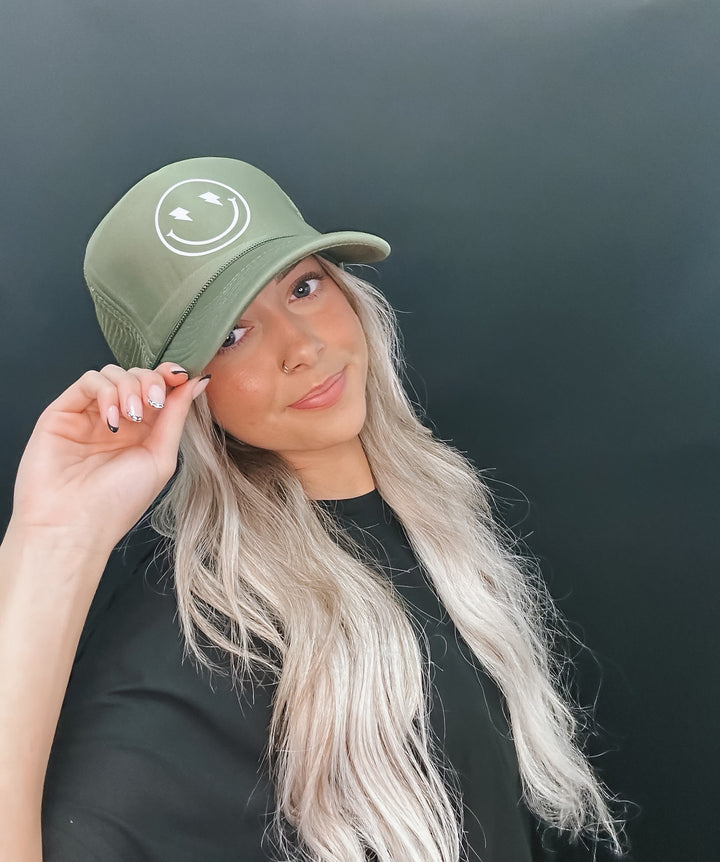 Lightning Happy Face Trucker Hat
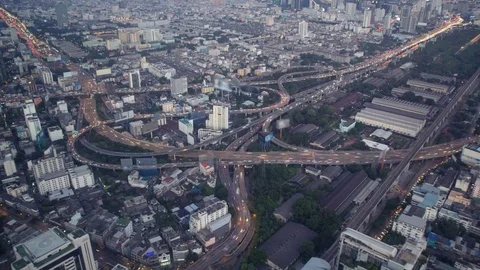 4K: Day to night time lapse, Bangkok expressway highway bird eye view, Thailand Vidéo 70452602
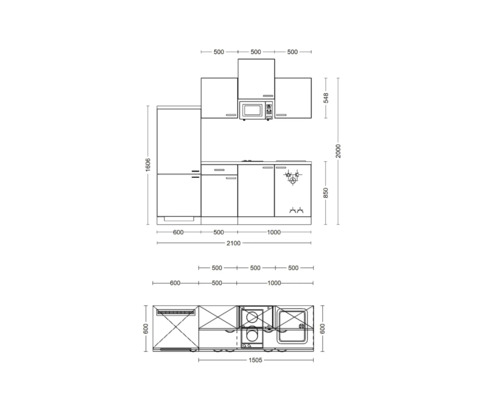 Plan de cuisine avec dimensions pour la conception de cuisine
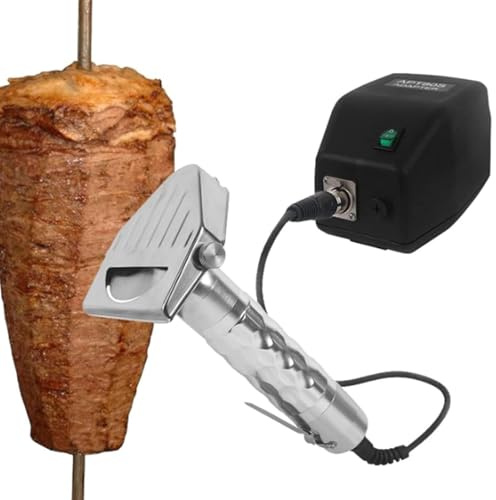 Cuchillo eléctrico para kebab, shawarma, doner, rebanador de kebab para uso doméstico o de restaurante, cortador de gyros de carne en rodajas, 8000 RPM, con 2 cuchillas para cortar kebab turco
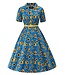 Dolly & Dotty Penelope II Blue Rockabilly Sunflower Print Shirt Dress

**WHAT THIS TASK INVOLVES:** Return the full listing above exactly as written, and omit the pictures.

**RESPONSE AREA:**
 Lightning Happy Face Trucker Hat
 4K: Day to night time lapse, Bangkok expressway highway bird eye view, Thailand Vidéo 70452602
 Plan de cuisine avec dimensions pour la conception de cuisine
 Cuchillo eléctrico para kebab, shawarma, doner, rebanador de kebab para uso doméstico o de restaurante, cortador de gyros de carne en rodajas, 8000 RPM, con 2 cuchillas para cortar kebab turco
 Dolly & Dotty Penelope II Blue Rockabilly Sunflower Print Shirt Dress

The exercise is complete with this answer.